Survival analysis of LTV (lifetime value) is a good place to start. It's pretty basic, but it gets the job done. But there is a lot of business intelligence work that you could do with what you have. If you have response rates to advertisements and such it could also provide you with a good way to look at effectiveness.
I agree with rolando2, the good the bad and the ugly - being mathematically defined, is challenging. Especially with no behavioural or secondary element in your data other than purchases, even something as simple as postal code could add fantastic information to your data for understanding things like locus of purchase (it it's a store).

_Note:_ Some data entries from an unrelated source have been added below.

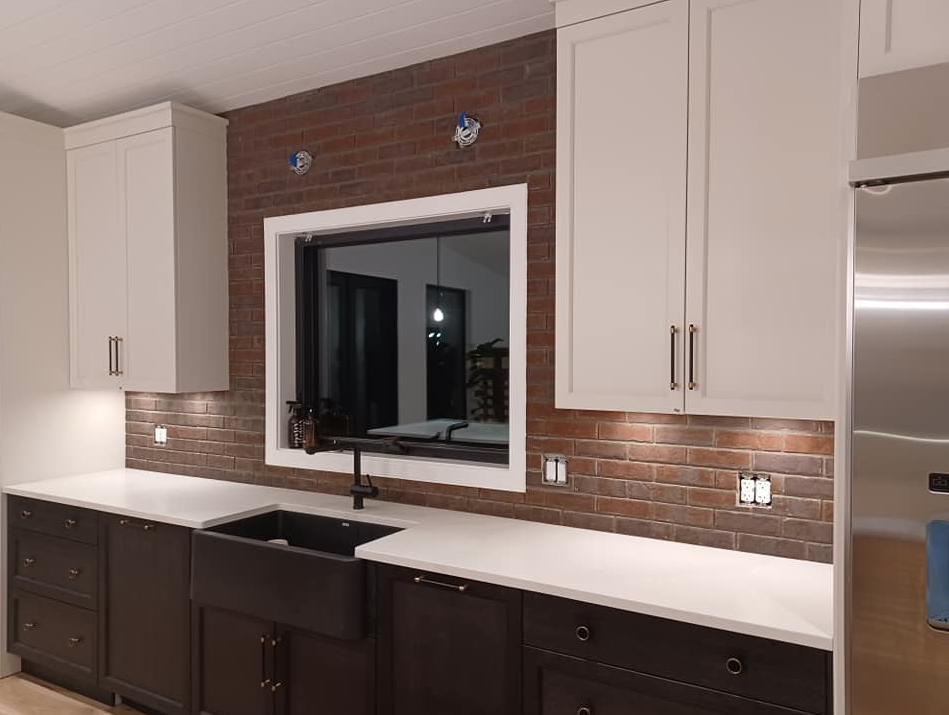 Kitchen with Red Brick Veneer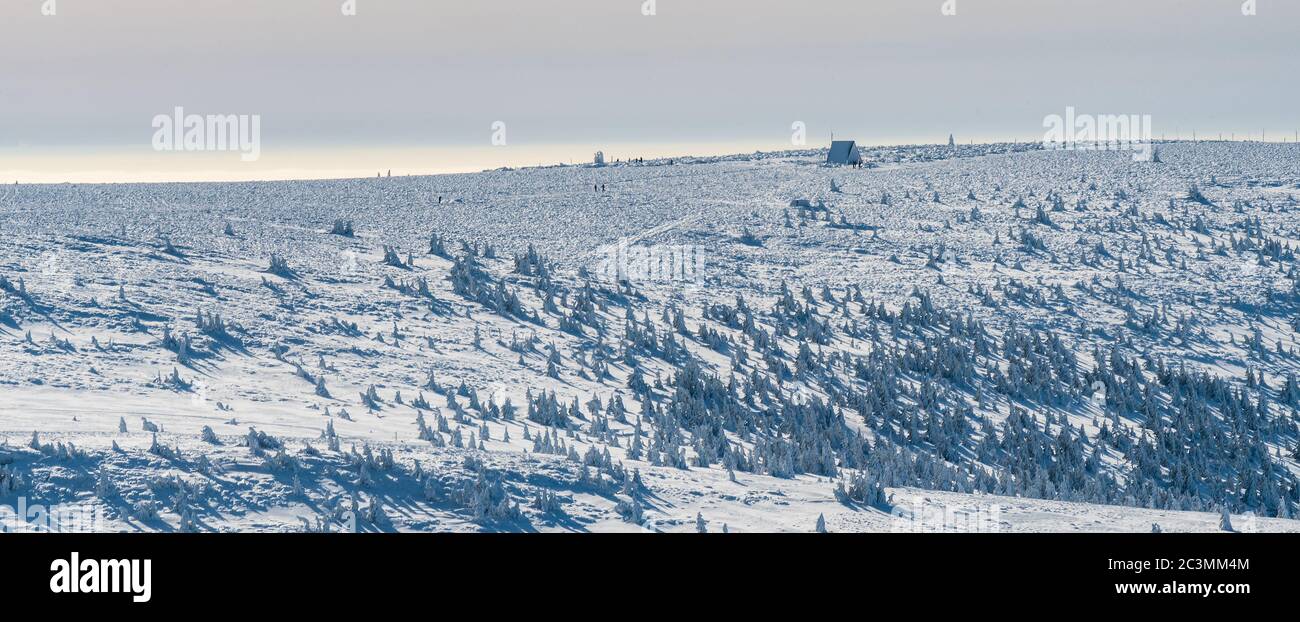 Frozen Vysoka hole Hill dalla cima della collina Praded in inverno Jeseniky montagne nella repubblica Ceca Foto Stock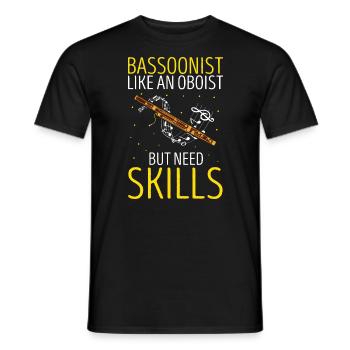 Basson pour basson anches et bassoniste - T-shirt homme - noir - Devant - AI Model Male 178 light (178cm)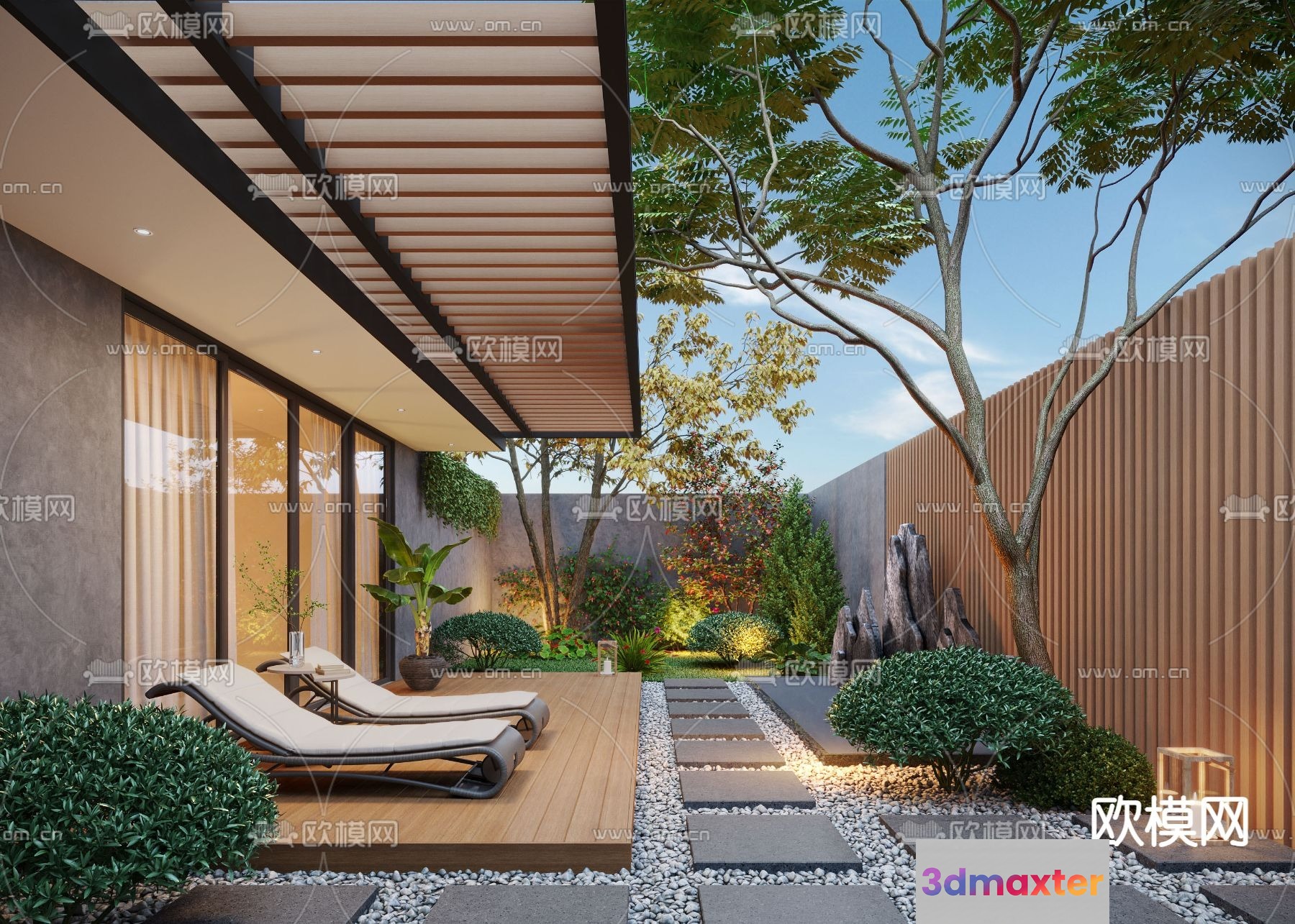 Modern Outdoor Space 3D Model - 13823 - CORONA Render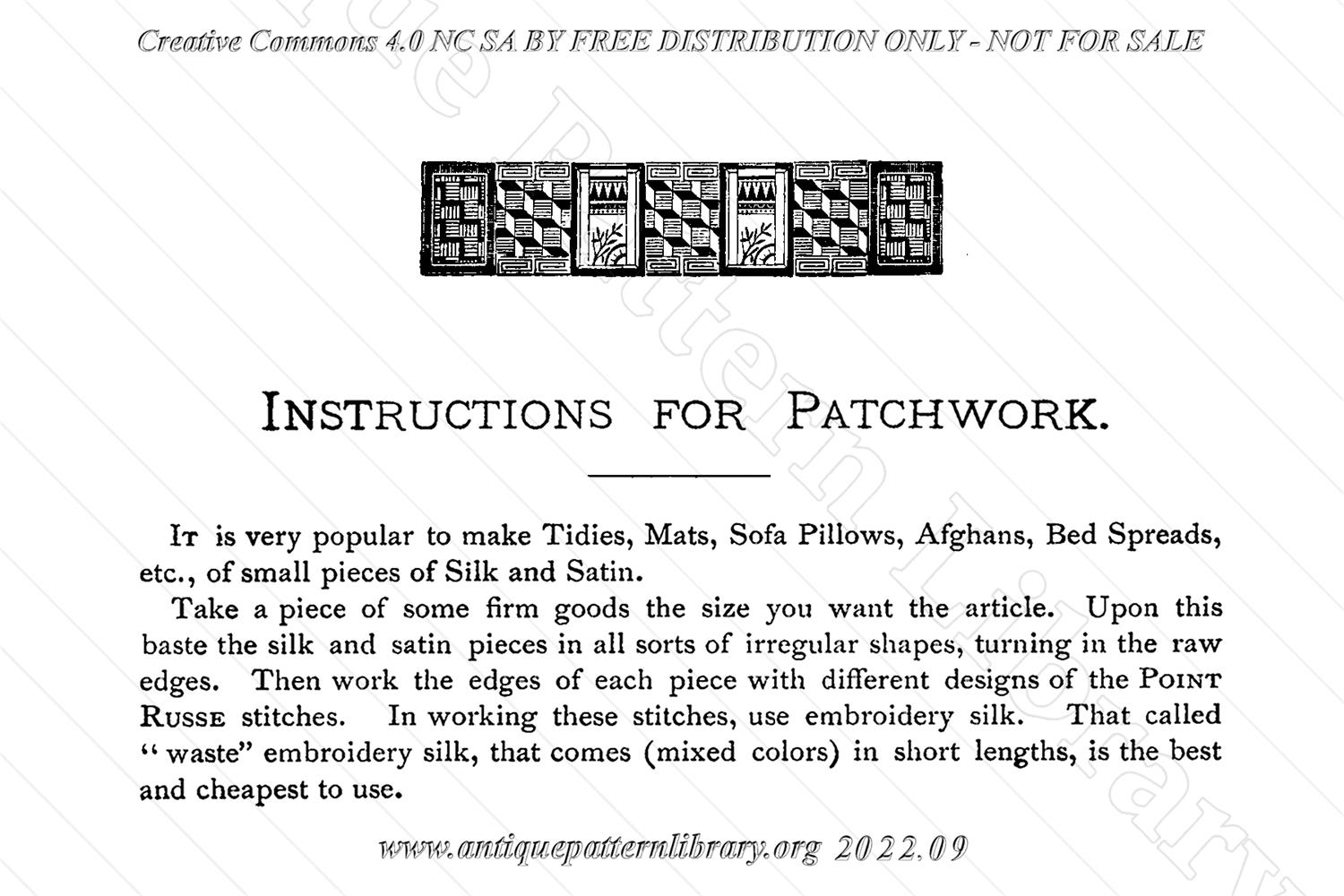 M-SB004 Instructions for Patchwork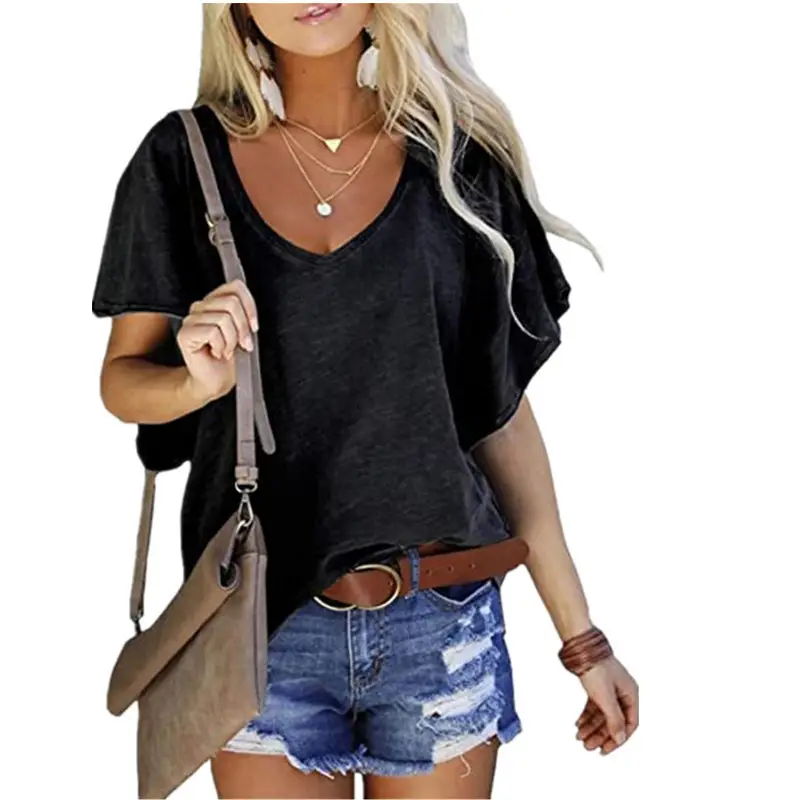 2023 Women's V Neck Loose Sleeve Top T-Shirt White - Image 6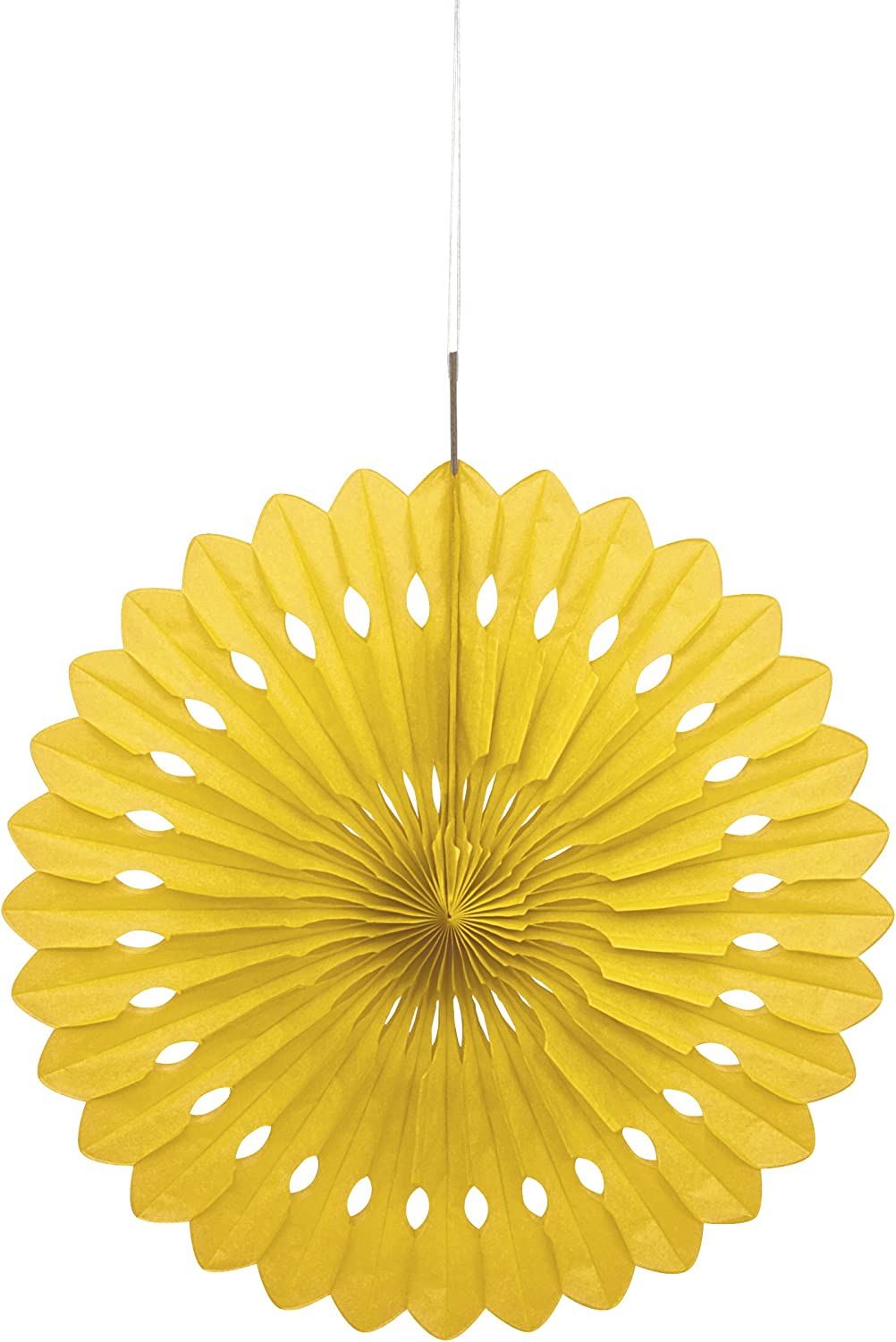 UNIQUE PARTY TISSUE PAPER FAN DECORATION 40CM - YELLOW. UNI64261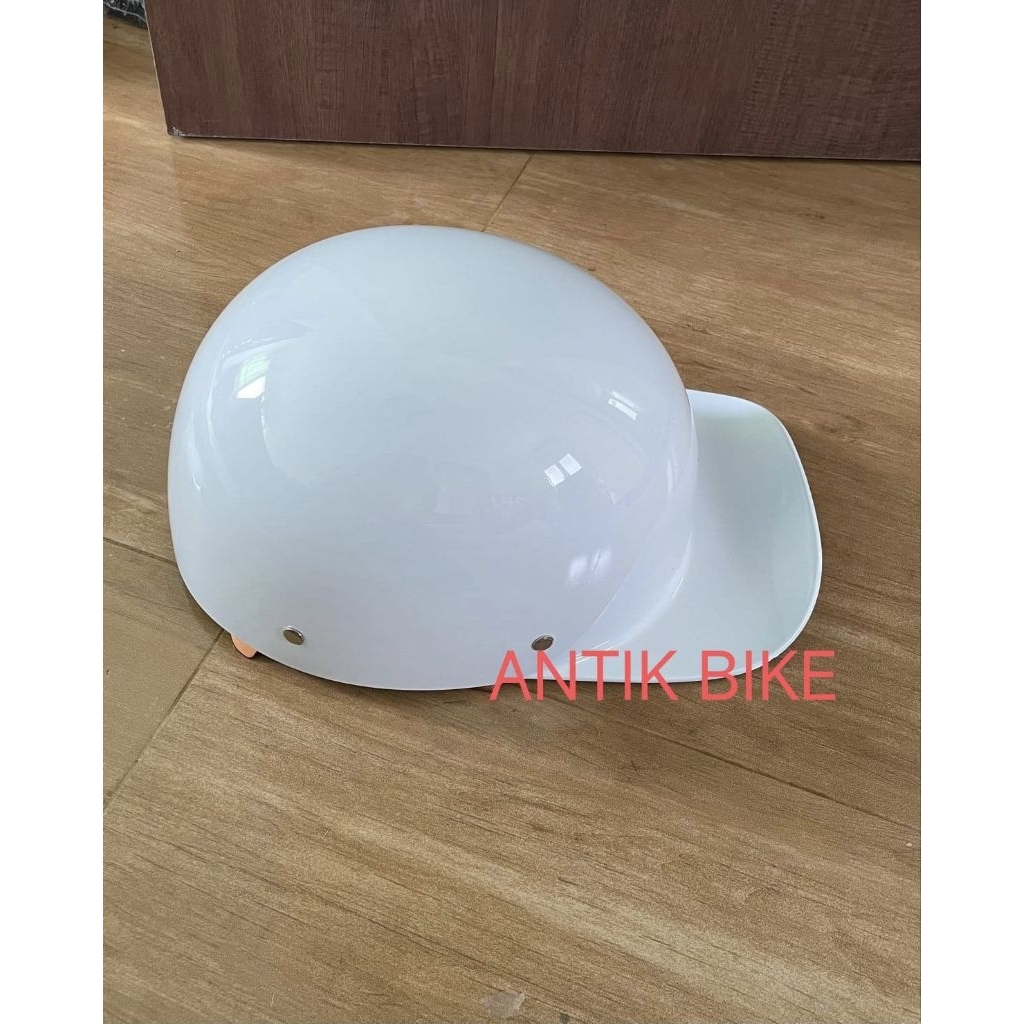 HALF helmet OPEN FACE GLOSSY WHITE WITH VISOR RETRO CLASSIC ALL SIZE UNISEX IMPORT
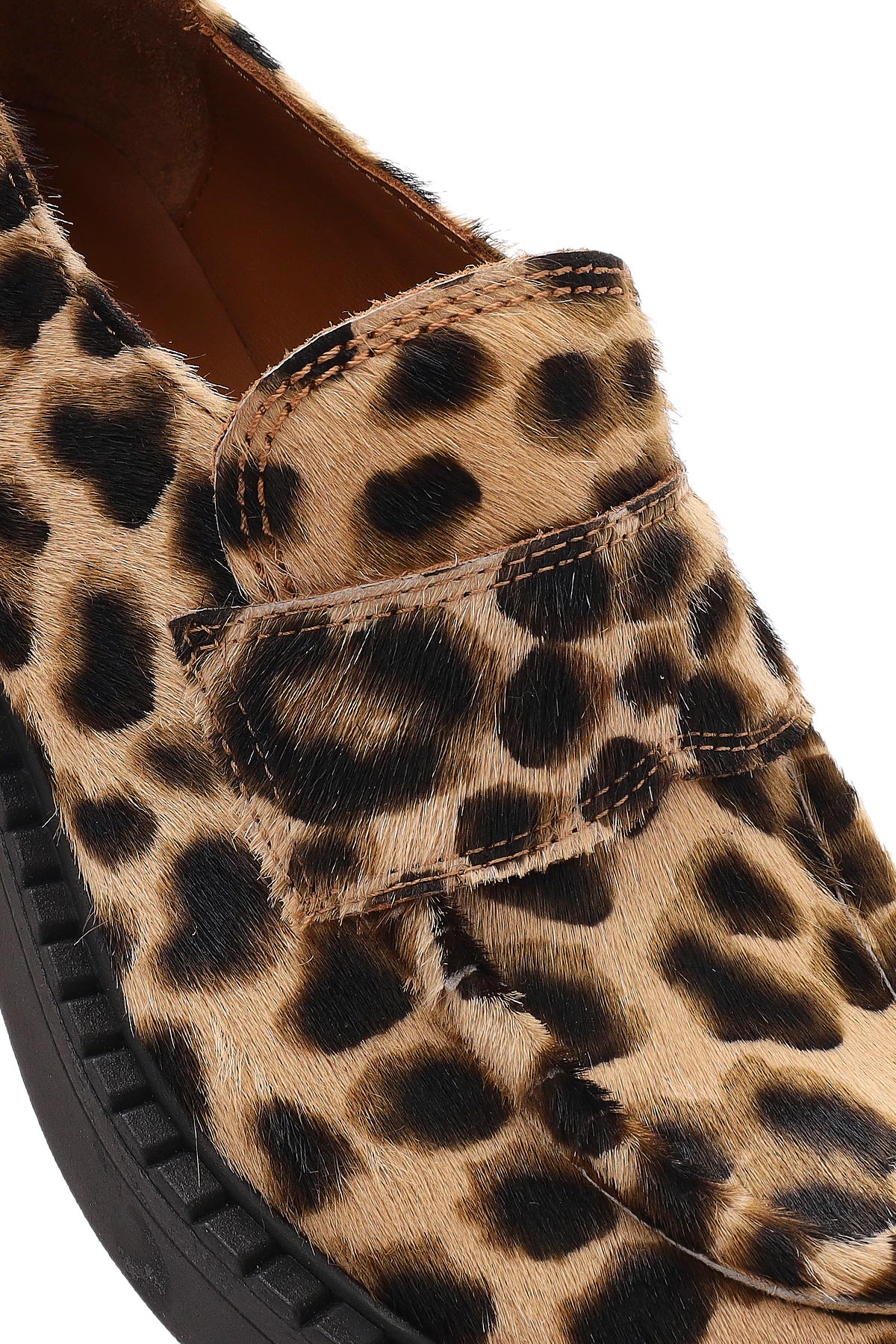 Kadın Leopar Deri Maskülen Loafer - Image 9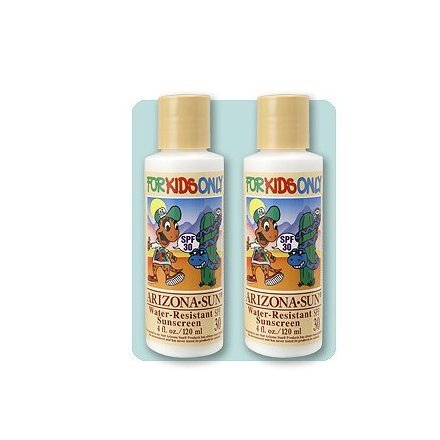 (2PK) Arizona Sun - Sunscreen Water Resistant SPF 30 For Kids – 4 oz – Total Sun Protection Lotion - Oil Free - Face and Body – Just for Kids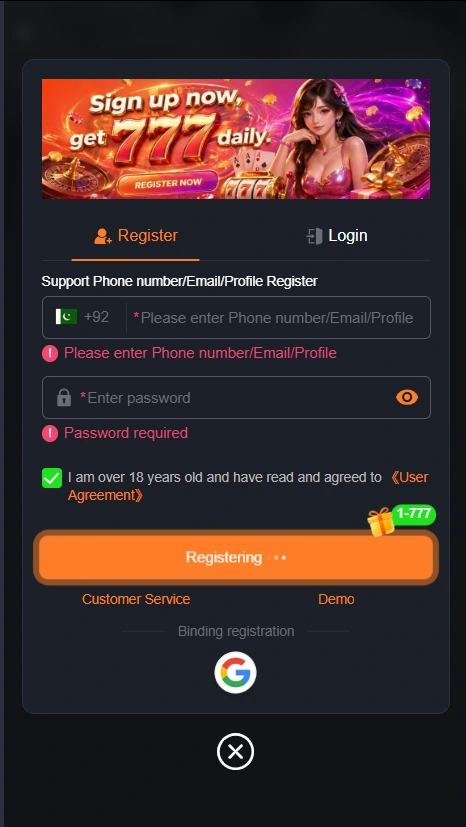JK667 Game Login And Register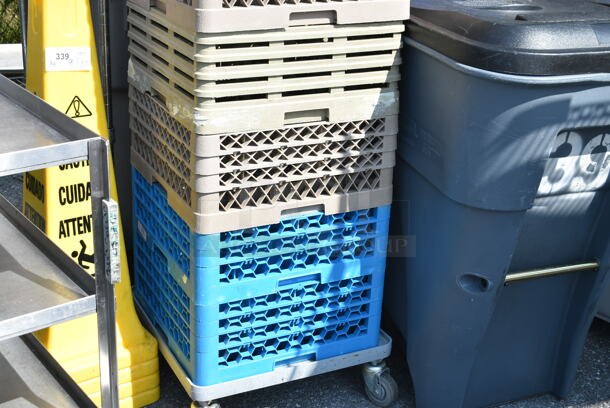 ALL ONE MONEY! Lot of 10 Various Poly Dish Racks on Metal Dish Rack Dolly.  - Image 4 of 11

I guess you could segment by LTV percentiles... 30%, 50%, 80% (following the 80/20 business rule...).
In terms of software, I have no idea how to do this in Excel or STATA. But, for R there's a mixed intro and example of survival analysis using the survival
package here: http://www.stats.uwo.ca/faculty/jones/survival_talk.pdf from Bruce Jones at the University of Western Ontario. I'm Canadian, sue me.
In his example, Death, would be something like your average time between purchases identified in the data as 0 or 1 if the observation did purchase in the last average time between purchases. Some people like to set this up as Purchased in Last 3 Months... but obviously it's different for every type of business. You wouldn't by a car every month, would you? So that's a judgement call on your end.
Otherwise, there's a lot of interesting things that you can do with your data from a business intelligence perspective. Average purchase price, number of items purchased based on stack outs in a store, or banners on a website if you know the time that the ad or stack out was placed.... those are just a few examples.